DIRECTIONS: The full set of entries below must be returned exactly as shown.
* * * * * * * * *
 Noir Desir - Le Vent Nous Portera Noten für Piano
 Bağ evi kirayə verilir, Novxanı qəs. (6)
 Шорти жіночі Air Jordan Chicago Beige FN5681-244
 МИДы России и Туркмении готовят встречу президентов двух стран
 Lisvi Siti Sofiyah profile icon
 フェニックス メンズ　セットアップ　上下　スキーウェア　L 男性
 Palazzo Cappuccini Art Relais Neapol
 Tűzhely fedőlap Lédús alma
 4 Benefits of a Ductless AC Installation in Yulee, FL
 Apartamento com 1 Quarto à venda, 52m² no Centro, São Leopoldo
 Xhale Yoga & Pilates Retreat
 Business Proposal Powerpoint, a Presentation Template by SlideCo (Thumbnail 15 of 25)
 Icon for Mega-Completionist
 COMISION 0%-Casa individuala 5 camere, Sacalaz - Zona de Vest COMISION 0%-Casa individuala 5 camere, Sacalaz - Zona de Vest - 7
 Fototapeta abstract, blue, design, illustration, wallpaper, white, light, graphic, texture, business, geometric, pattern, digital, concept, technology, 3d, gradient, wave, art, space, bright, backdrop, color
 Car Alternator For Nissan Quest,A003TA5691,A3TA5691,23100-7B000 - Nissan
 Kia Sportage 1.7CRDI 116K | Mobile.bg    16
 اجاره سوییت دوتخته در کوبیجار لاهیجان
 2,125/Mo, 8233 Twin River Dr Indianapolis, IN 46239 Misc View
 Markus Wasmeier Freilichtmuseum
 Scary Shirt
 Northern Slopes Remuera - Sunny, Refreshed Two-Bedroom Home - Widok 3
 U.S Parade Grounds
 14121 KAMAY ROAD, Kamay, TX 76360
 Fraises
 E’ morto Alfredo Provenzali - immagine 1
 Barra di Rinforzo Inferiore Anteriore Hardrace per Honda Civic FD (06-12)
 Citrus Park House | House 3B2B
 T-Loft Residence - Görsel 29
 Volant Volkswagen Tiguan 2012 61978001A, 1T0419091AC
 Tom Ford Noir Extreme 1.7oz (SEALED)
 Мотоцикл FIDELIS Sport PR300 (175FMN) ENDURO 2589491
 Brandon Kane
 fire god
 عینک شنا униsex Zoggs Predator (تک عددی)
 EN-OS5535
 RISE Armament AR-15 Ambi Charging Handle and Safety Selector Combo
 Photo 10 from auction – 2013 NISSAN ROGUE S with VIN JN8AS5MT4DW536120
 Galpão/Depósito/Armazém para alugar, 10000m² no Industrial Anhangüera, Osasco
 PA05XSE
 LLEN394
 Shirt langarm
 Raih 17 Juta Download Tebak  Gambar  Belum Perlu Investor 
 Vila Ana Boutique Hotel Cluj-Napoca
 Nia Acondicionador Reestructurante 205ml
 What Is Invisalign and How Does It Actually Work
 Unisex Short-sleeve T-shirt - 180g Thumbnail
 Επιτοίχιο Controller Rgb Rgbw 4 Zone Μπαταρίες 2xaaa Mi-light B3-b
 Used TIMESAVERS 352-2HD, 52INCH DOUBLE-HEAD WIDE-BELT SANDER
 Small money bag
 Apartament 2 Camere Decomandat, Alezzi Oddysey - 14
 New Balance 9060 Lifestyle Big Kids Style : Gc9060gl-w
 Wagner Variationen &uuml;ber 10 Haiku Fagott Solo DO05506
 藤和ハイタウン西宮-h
* * * * * * * * *
OUTPUT FOR THIS EXERCISE:
 Noir Desir - Le Vent Nous Portera Noten für Piano
 Bağ evi kirayə verilir, Novxanı qəs. (6)
 Шорти жіночі Air Jordan Chicago Beige FN5681-244
 МИДы России и Туркмении готовят встречу президентов двух стран
 Lisvi Siti Sofiyah profile icon
 フェニックス メンズ　セットアップ　上下　スキーウェア　L 男性
 Palazzo Cappuccini Art Relais Neapol
 Tűzhely fedőlap Lédús alma
 4 Benefits of a Ductless AC Installation in Yulee, FL
 Apartamento com 1 Quarto à venda, 52m² no Centro, São Leopoldo
 Xhale Yoga & Pilates Retreat
 Business Proposal Powerpoint, a Presentation Template by SlideCo (Thumbnail 15 of 25)
 Icon for Mega-Completionist
 COMISION 0%-Casa individuala 5 camere, Sacalaz - Zona de Vest COMISION 0%-Casa individuala 5 camere, Sacalaz - Zona de Vest - 7
 Fototapeta abstract, blue, design, illustration, wallpaper, white, light, graphic, texture, business, geometric, pattern, digital, concept, technology, 3d, gradient, wave, art, space, bright, backdrop, color
 Car Alternator For Nissan Quest,A003TA5691,A3TA5691,23100-7B000 - Nissan
 Kia Sportage 1.7CRDI 116K | Mobile.bg    16
 اجاره سوییت دوتخته در کوبیجار لاهیجان
 2,125/Mo, 8233 Twin River Dr Indianapolis, IN 46239 Misc View
 Markus Wasmeier Freilichtmuseum
 Scary Shirt
 Northern Slopes Remuera - Sunny, Refreshed Two-Bedroom Home - Widok 3
 U.S Parade Grounds
 14121 KAMAY ROAD, Kamay, TX 76360
 Fraises
 E’ morto Alfredo Provenzali - immagine 1
 Barra di Rinforzo Inferiore Anteriore Hardrace per Honda Civic FD (06-12)
 Citrus Park House | House 3B2B
 T-Loft Residence - Görsel 29
 Volant Volkswagen Tiguan 2012 61978001A, 1T0419091AC
 Tom Ford Noir Extreme 1.7oz (SEALED)
 Мотоцикл FIDELIS Sport PR300 (175FMN) ENDURO 2589491
 Brandon Kane
 fire god
 عینک شنا униsex Zoggs Predator (تک عددی)
 EN-OS5535
 RISE Armament AR-15 Ambi Charging Handle and Safety Selector Combo
 Photo 10 from auction – 2013 NISSAN ROGUE S with VIN JN8AS5MT4DW536120
 Galpão/Depósito/Armazém para alugar, 10000m² no Industrial Anhangüera, Osasco
 PA05XSE
 LLEN394
 Shirt langarm
 Raih 17 Juta Download Tebak  Gambar  Belum Perlu Investor 
 Vila Ana Boutique Hotel Cluj-Napoca
 Nia Acondicionador Reestructurante 205ml
 What Is Invisalign and How Does It Actually Work
 Unisex Short-sleeve T-shirt - 180g Thumbnail
 Επιτοίχιο Controller Rgb Rgbw 4 Zone Μπαταρίες 2xaaa Mi-light B3-b
 Used TIMESAVERS 352-2HD, 52INCH DOUBLE-HEAD WIDE-BELT SANDER
 Small money bag
 Apartament 2 Camere Decomandat, Alezzi Oddysey - 14
 New Balance 9060 Lifestyle Big Kids Style : Gc9060gl-w
 Wagner Variationen &uuml;ber 10 Haiku Fagott Solo DO05506
 藤和ハイタウン西宮-h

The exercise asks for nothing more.